ドイツでは、「Weinachten ヴァイナハテン」(クリスマス)や「Fasching ファッシング」(謝肉祭)など、一年を通じてキリスト教にまつわる祝日やイベントが多いのです。
イースターもそのひとつで、ドイツ語では「Ostern オースターン」と呼ばれ、とても大切で大きな行事です。「イエス・キリストの復活を祝福する」というイースターの意味にふさわしく、イースターグッズはどれも可愛くカラフルで、信仰に関係なく目で見て楽しめるものばかり。今回は、ドイツの街角で出会えるイースターならではの景色を、ちょっぴりお届けします。

あっちにもこっちにも! 街歩きで見つけるイースター飾りたち

イースターといえば「うさぎ」と「卵」。卵は生命誕生の象徴、それを運んでくれるウサギは子だくさんなことから、生命の復活や繁栄のシンボルとされています(ともに諸説あるようです)。イースターが近づくと、このうさぎや卵をモチーフとしたオーナメントがいたるところに現れ、街中を華やかに演出します。花屋さん、雑貨屋さんにパン屋さん・・・それぞれ工夫を凝らしてデザインされた可愛らしい飾り付けは、いかにも春を運んできてくれそうで、街を散歩するだけでワクワクしてしまうのです。

ミュンヘンの中心街に位置する大型市場「Viktualienmarkt ヴィクトアリエンマルクト」では、ひと際目を引く花屋さんを見つけました。季節の花々とイースター飾りのコラボレーションがとっても華やか。卵を産むニワトリや小鳥もイースターの定番モチーフなのですが、それにしても鳥、鳥、鳥・・・実に面白い光景です。
ostern_IMG_002▶花屋の店先。水仙やチューリップなど、春の植物の間から鳥たちが顔をのぞかせる。

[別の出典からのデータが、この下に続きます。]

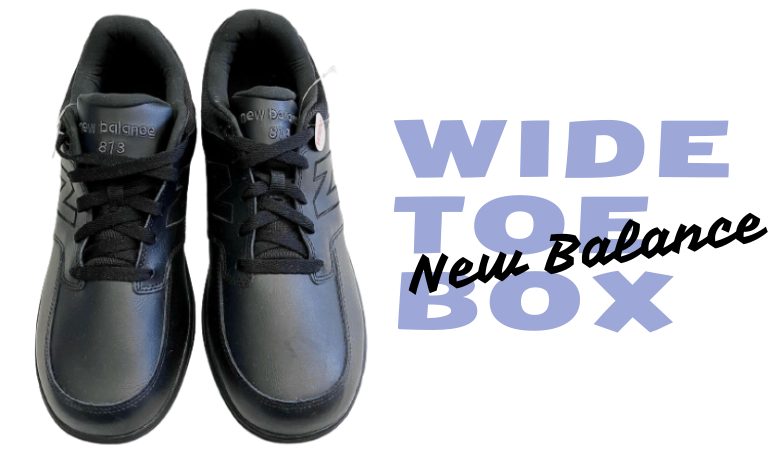 New Balance Shoes Widest Toe Boxes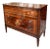 Mahogany Italian Louis XVI Style Chest of Drawers With Inlay For Sale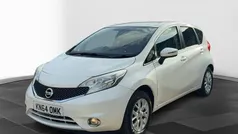 Used 2014 Nissan Note Acenta MPV | £3,795 (Fair price)
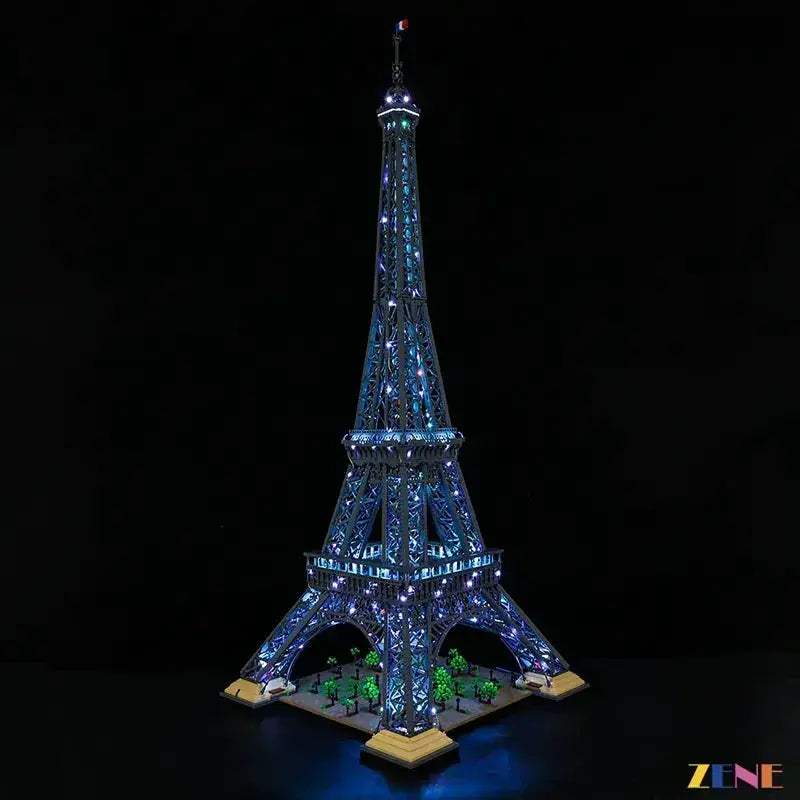 Light Kit for Eiffel Tower #10307 Multicolor (RGB Ver.) - ToylandEU™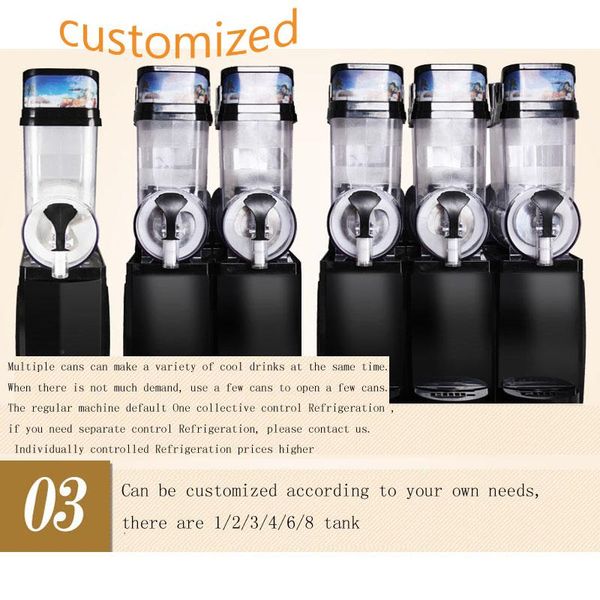 low-cost slush machine frozen beverage snowflake ice snow melting 110v crushers & shavers
low-cost slush machine frozen beverage snowflake ice snow melting 110v crushers & shavers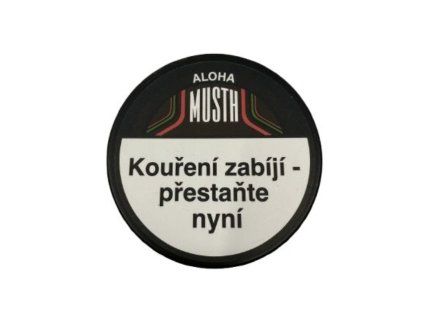Tabák do vodní dýmky MustH Aloha 125 g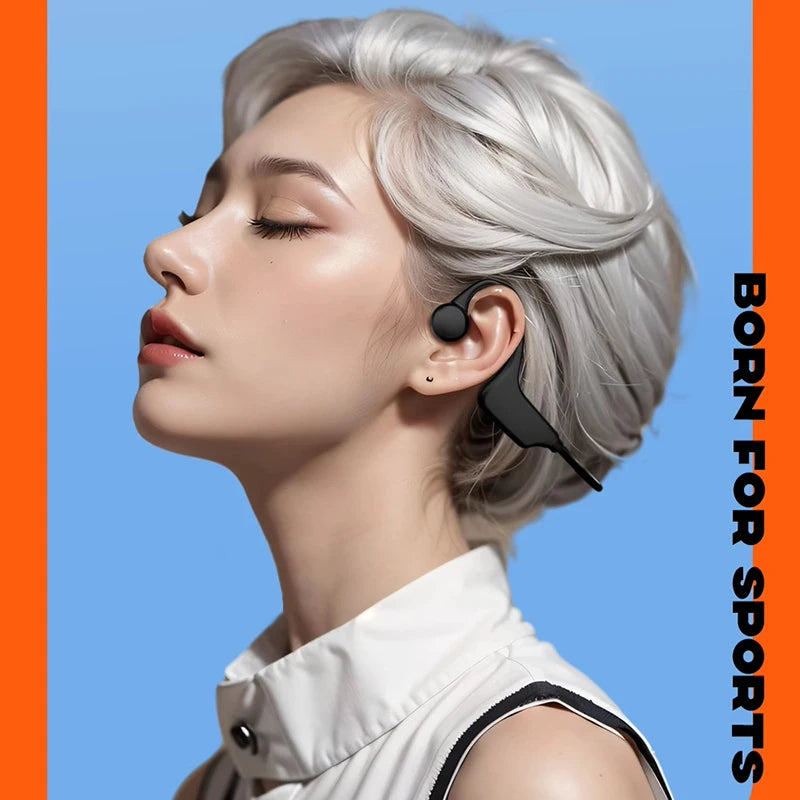 Bone Conduction Headphones IPX8 Waterproof MP3 32GB Bluetooth5.4 Wireless Headphones With Mic Swimming Sports Fitness 2026 New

ostern__IMG_003▶ユニークなデザインのニワトリたちがずらりと並ぶ。

ドイツの街歩きで楽しいのが、ショーウィンドウを眺めること。商店街では、どんなお店でも必ずと言っていいほど大きなショーウィンドウがあり、季節にちなんで様々な飾り付けを見せてくれます。今の季節はもちろんイースター一色。とくに歴史のある小さな街を散策すると、古い町並みと可愛らしいうさぎやニワトリたちに迎えられ、おとぎ話の世界に迷い込んだような気分になります。
ostern_IMG_004▶レーゲンスブルクで見かけた雑貨屋さんのショーウィンドウ。

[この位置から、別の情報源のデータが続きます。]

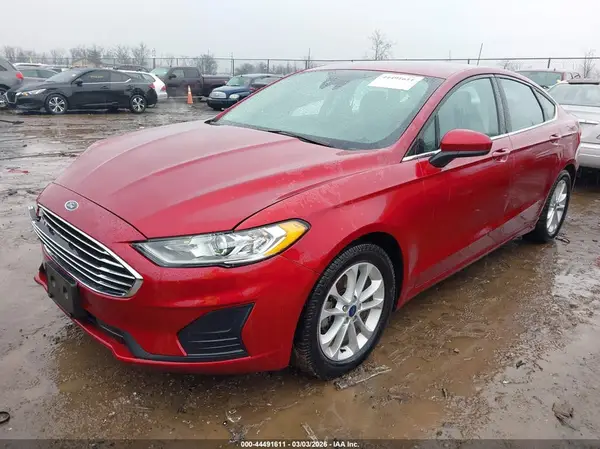 3FA6P0HD3KR248930 2019 FORD FUSION - Image 2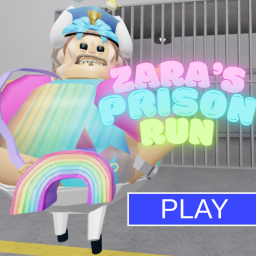 🌈 Zara’s Prison Run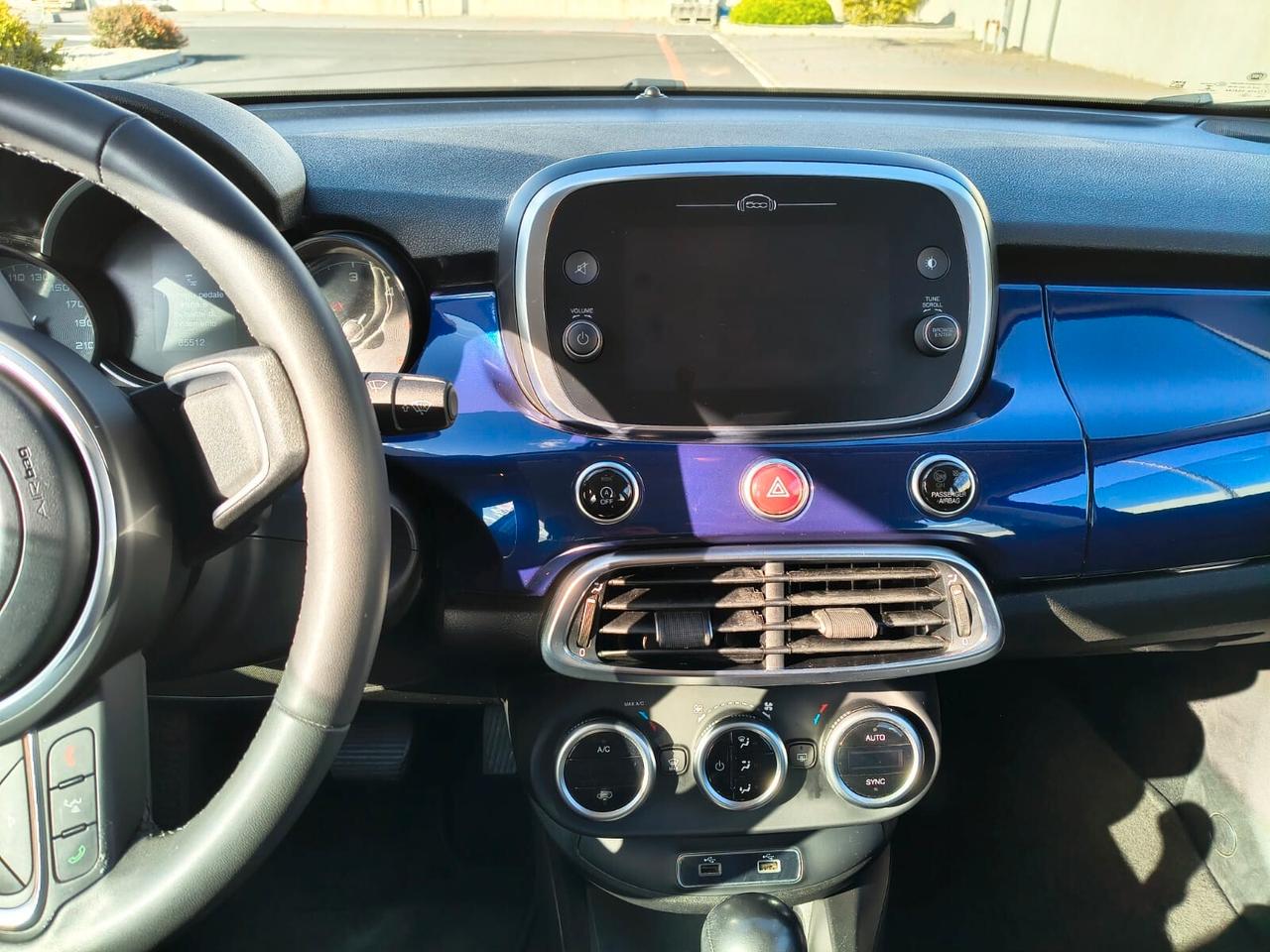 Fiat 500X 1.6 MultiJet 120 CV DCT City Cross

お店に並ぶイースターの小物は、置物からキャンドル、ティーセットやせっけんまで、そのバリエーションは実に豊富。お土産にひとつ…と、つい手にとってしまうほど可愛らしいので、ドイツへの旅行ならこの時期の3月から4月初めのドイツの旅がおすすめなんですよ。

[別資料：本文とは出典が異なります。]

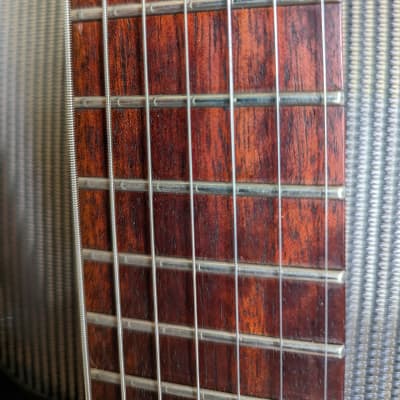 Hufschmid Blackdroid 7 string guitar image 5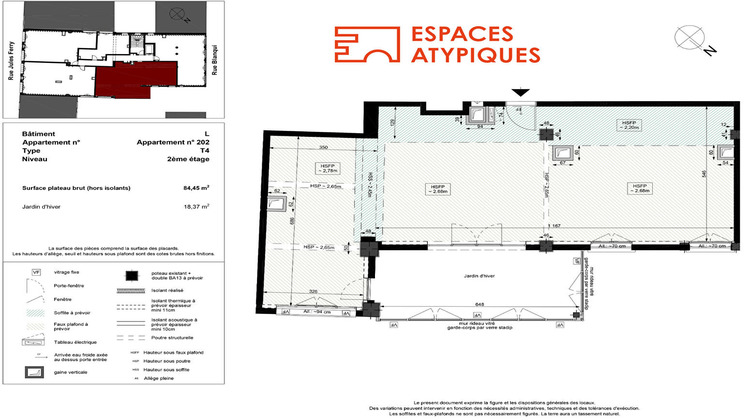 Ma-Cabane - Vente Appartement SAINT-OUEN, 82 m²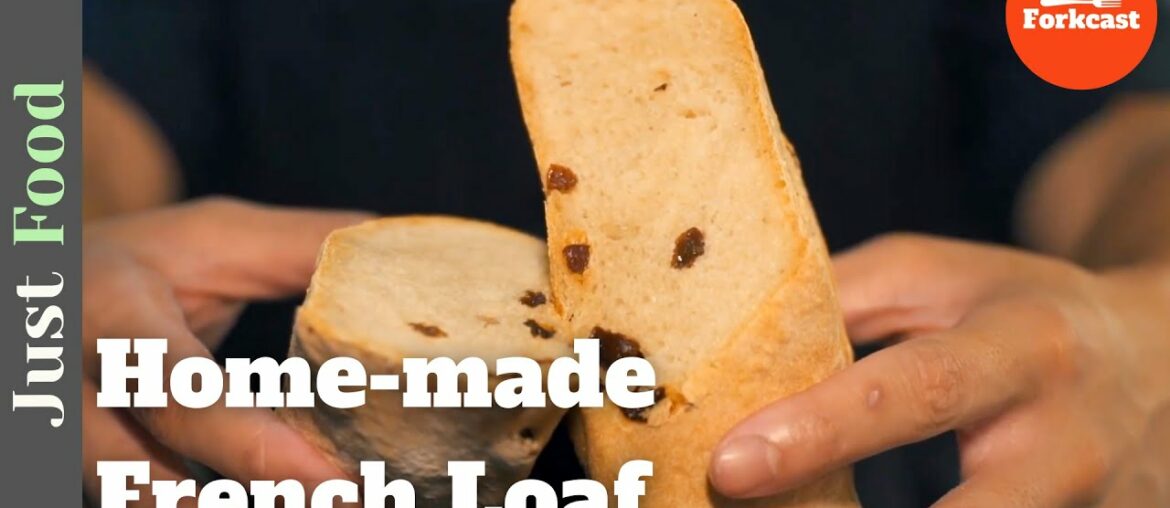 French Loaf | Just Food : French Recipes At Home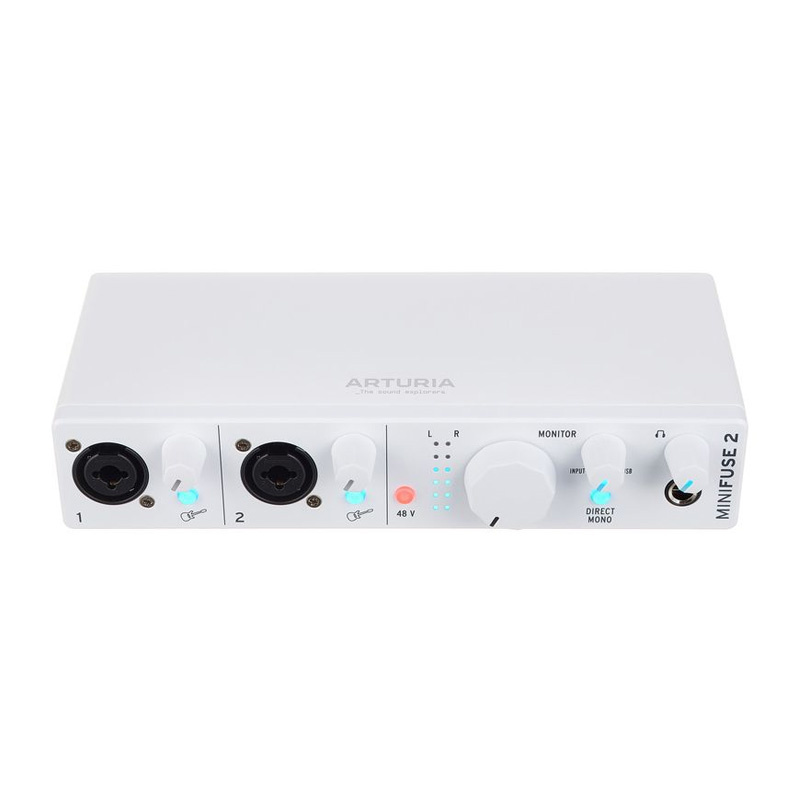Arturia MiniFuse 2 White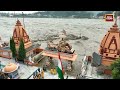 Watch: Furious Ganga Swallows Shiv Murti At Rishikesh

ostern_IMG_005▶せっけん屋さんも、イースター仕様。使うのがもったいないようなせっけんが並ぶ。

ostern_IMG_006▶夜でお店は閉まっていても、明るく照らされた人形たちが、道行く人に微笑みかける。

イースターグッズの代表ともいえるのがOstereier オースターアイアー、つまりイースターエッグ。ひとつひとつ職人さんの手によって描かる繊細な模様が美しく、雑貨屋さんやお土産ショップではお馴染みのグッズになっています。庭の木や家のなかに吊るして楽しむ、イースターの風物詩です。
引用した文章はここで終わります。